By Melanie Arter | February 6, 2017 | 11:55am EST
Vice President Mike Pence (AP Photo)

(CNSNews.com) – Vice President Mike Pence defending President Donald Trump’s decision to let stand former President Obama’s executive order on LGBT rights, telling ABC’s “This Week with George Stephanopolus” on Sunday that Trump “made it clear that discrimination would have no place in our administration.”

“I think throughout the campaign, President Trump made it clear that discrimination would have no place in our administration. I mean, he was the very first Republican nominee to mention the LGBTQ community at our Republican National Convention and was applauded for it.

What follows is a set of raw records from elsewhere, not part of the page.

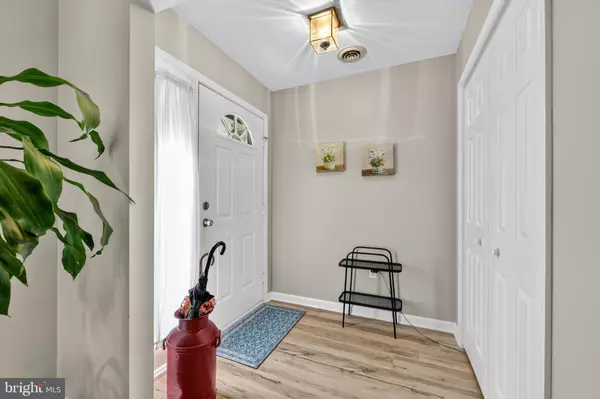 Wyomissing, PA 19610,136 HEATHER LN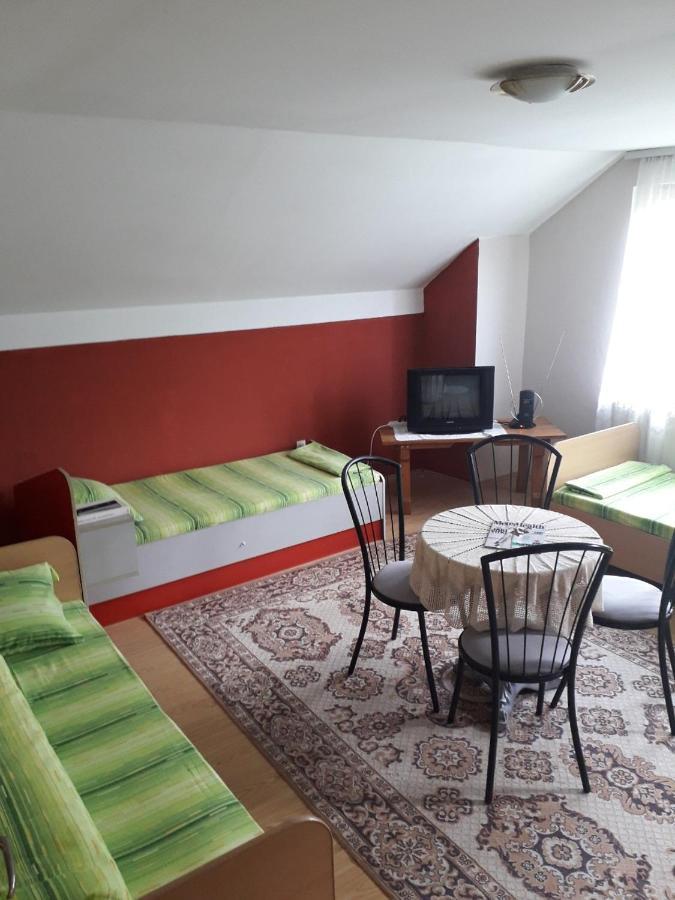 Prenociste Vitas Bed and Breakfast Miljevina Esterno foto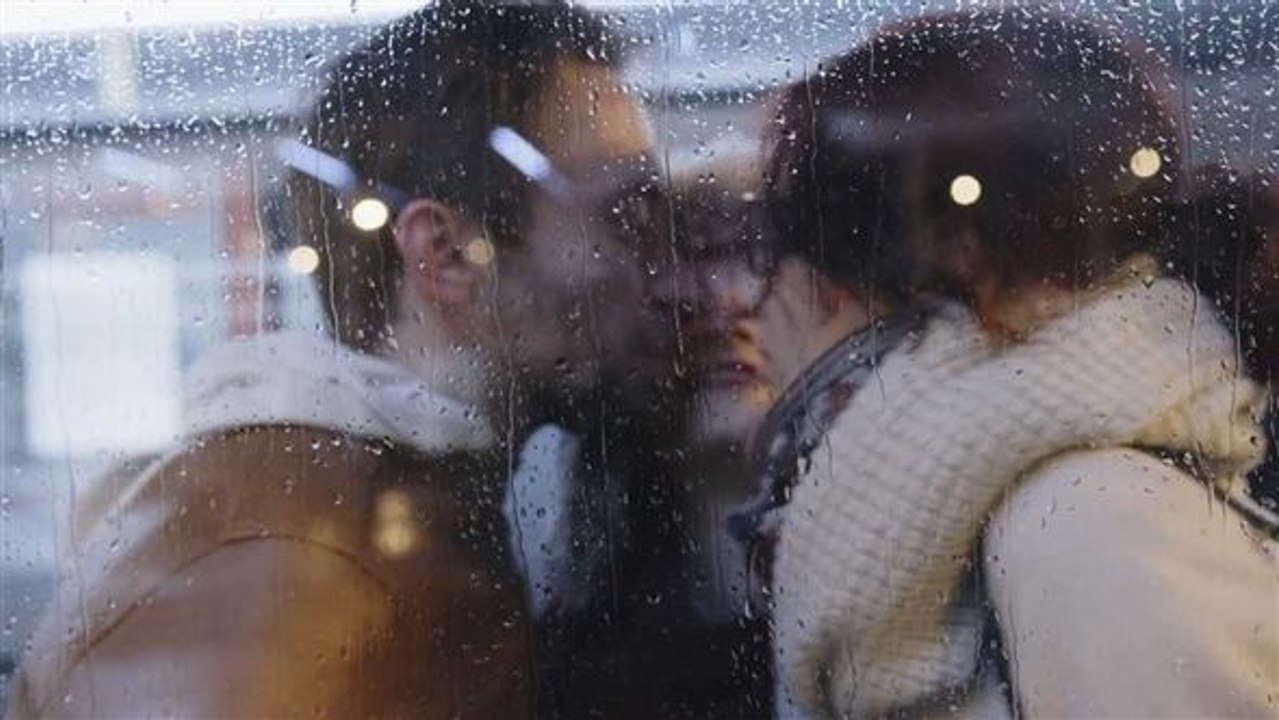 Im Liebesdreieck zu Hause: Leben in Polyamorie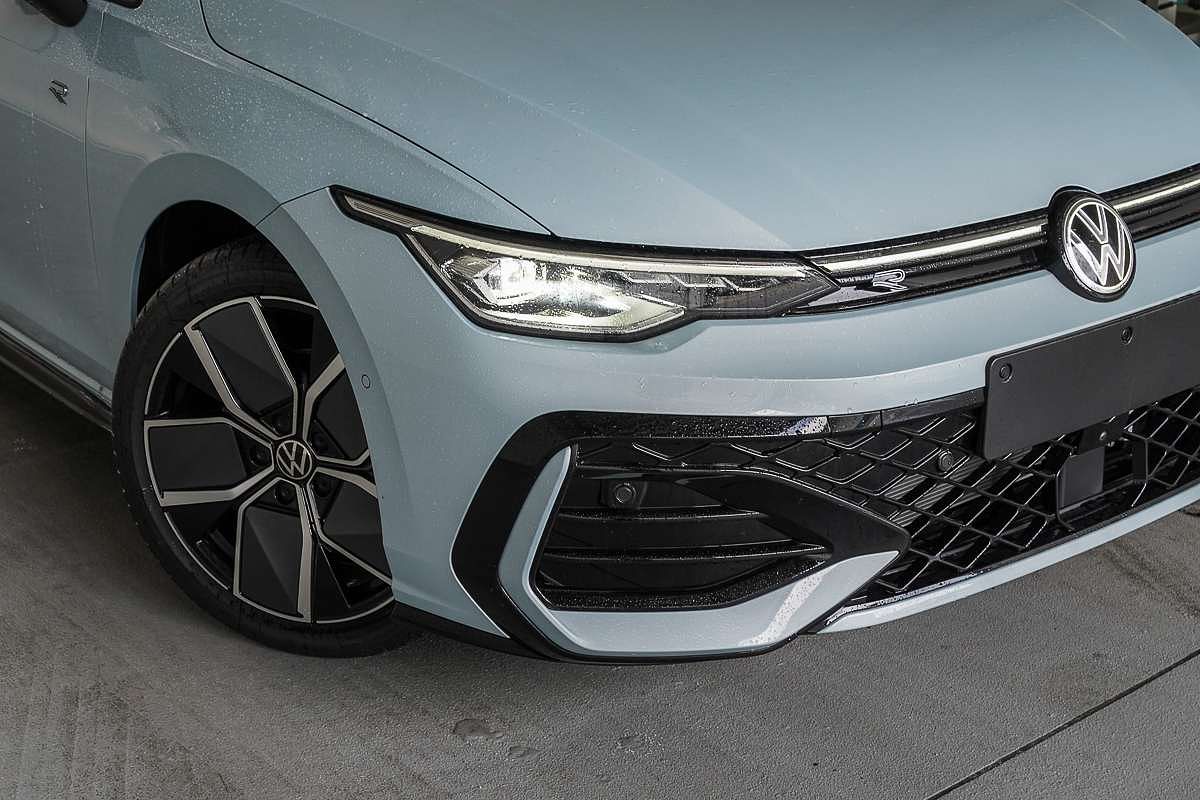 2025 Volkswagen Golf 110TSI R-Line 8.5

And I was there applauding with him,” Pence said.

 



Stephanopolous said Trump’s conservative base is wondering why Obama's executive order is allowed to stand.

“I think the generosity of his spirit, recognizing that in the patriot's heart, there's no room for prejudice is part of who this president is, but I also think that the speech that he gave this week at the National Prayer Breakfast, reiterating his commitment to repeal the Johnson Amendment, that's put a chilling effect on free speech in religious institutions around the country,” Pence said.

Stephanopolous asked if Pence thought a new executive order on religious liberty was necessary or if the current law was sufficient.

“Well, the president's made it clear that he wants to take action on the Johnson amendment. Back in the 1950s, the Congress passed a law that essentially threatened the tax-exempt status of churches and synagogues and religious institutions if they were seen to be involved in political expression,” Pence said.

“And I have to tell you, I don't -- I don't think we'd have ever made it to these hallowed halls back in 1790 if the -- if the pulpits of this country had been silenced from speaking about what they thought was right and wrong,” he said.

“The president provided real leadership in the campaign where he identified the Johnson amendment and he told people of faith of every background across this country that he would work to repeal it, and he's directed the administration to begin to look at ways, both legislatively and through executive action to do that,” Pence said.

“But no executive orders beyond that, beyond fixing the Johnson amendment, in your view?” Stephanopolous asked.

Pence said it will be “the purview of the president to determine whether any of that's necessary.”

“But I will tell you for our part, the focus of this administration will continue to be to have a safer America, to have a more prosperous America, and to continue to advance the president's agenda, both on Capitol Hill and through executive action and carry that message all across the country,” he said.